_Data block_
┌────────

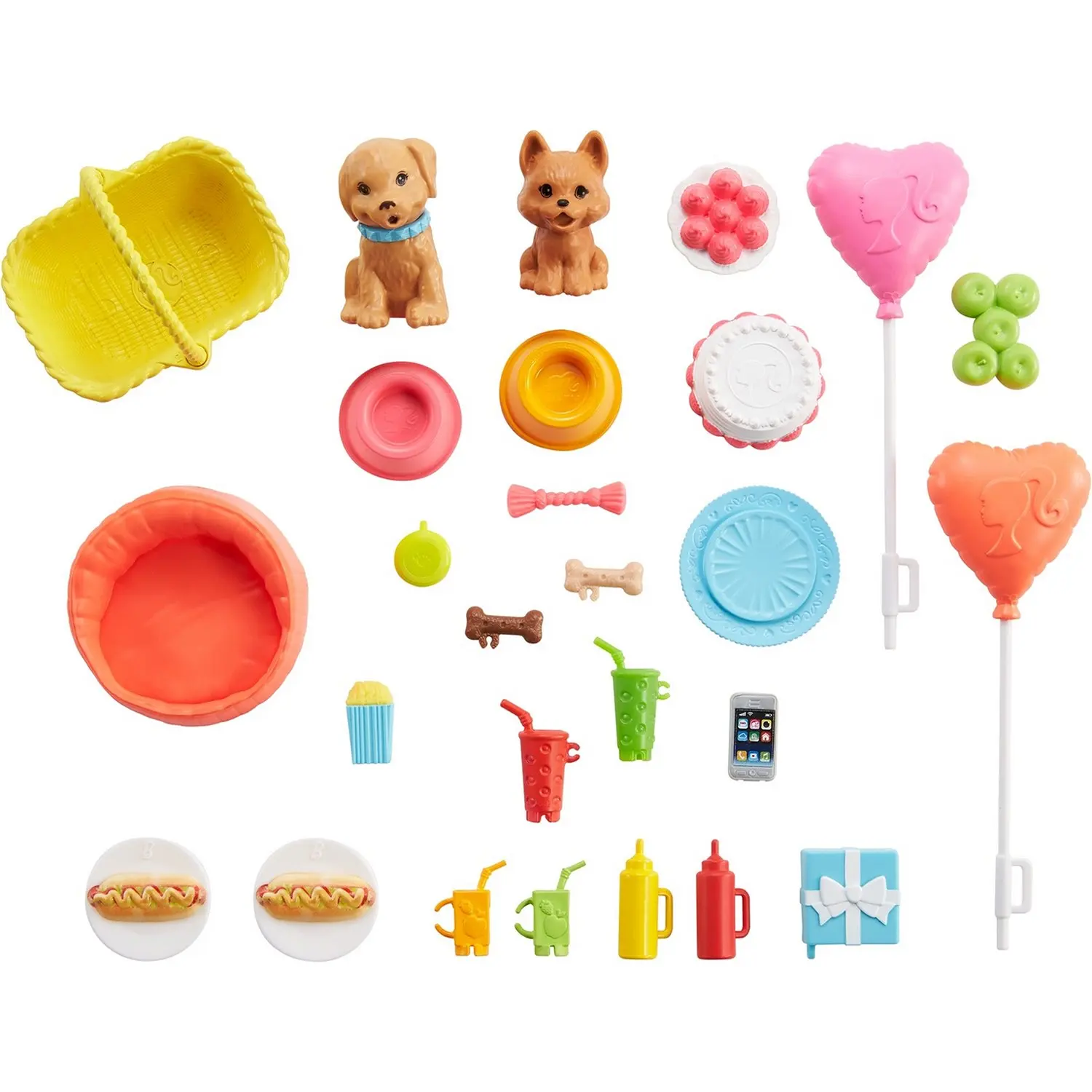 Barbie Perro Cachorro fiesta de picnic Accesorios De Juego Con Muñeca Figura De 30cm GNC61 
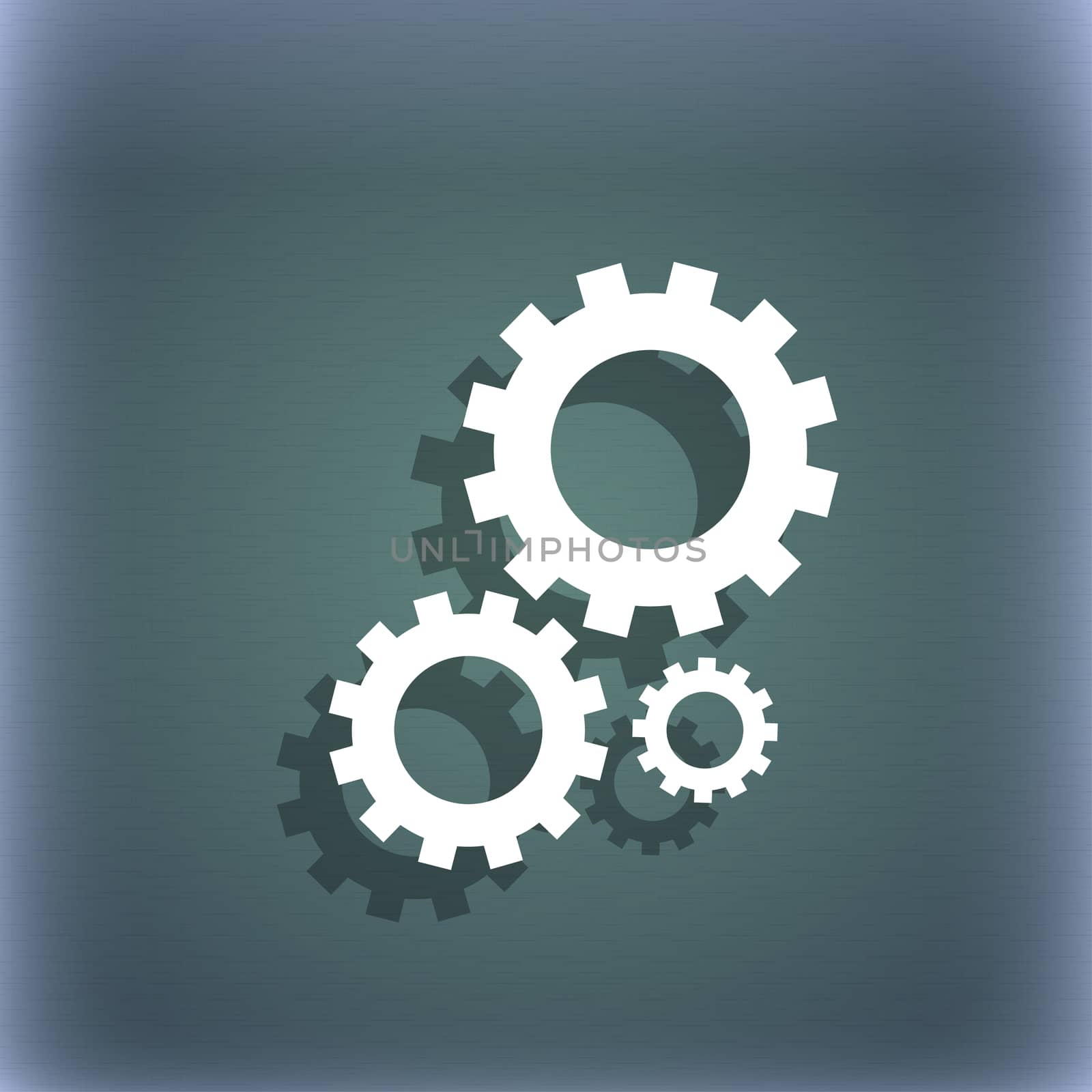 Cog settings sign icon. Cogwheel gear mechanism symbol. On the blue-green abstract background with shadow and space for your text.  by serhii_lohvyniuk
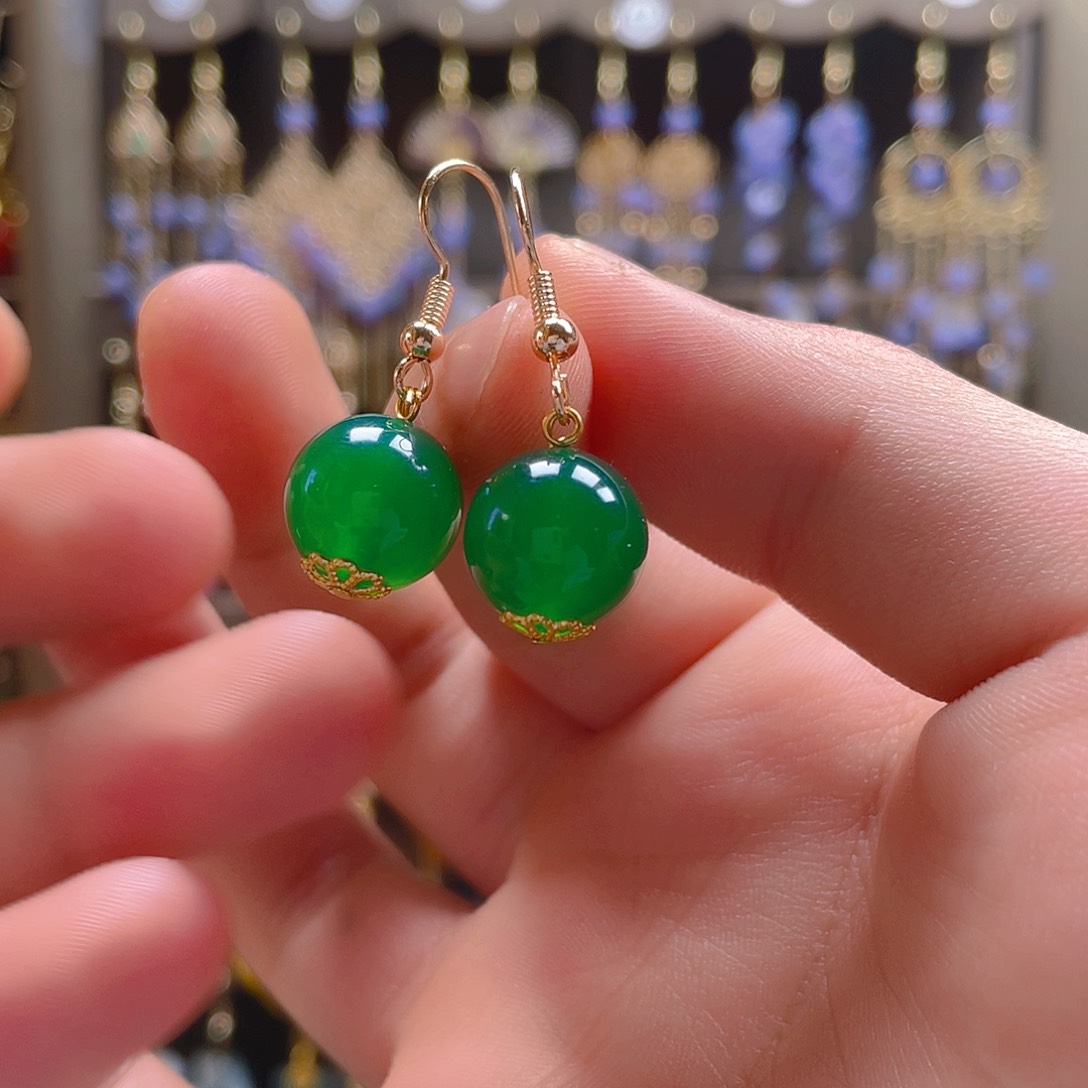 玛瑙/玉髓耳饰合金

└────────

_What to produce_
Look for the line that contains "Cog settings sign", then please copy it and the rest of the lines through the end of the data, pictures excluded.

_Written response_
 Cog settings sign icon. Cogwheel gear mechanism symbol. On the blue-green abstract background with shadow and space for your text.  by serhii_lohvyniuk
 玛瑙/玉髓耳饰合金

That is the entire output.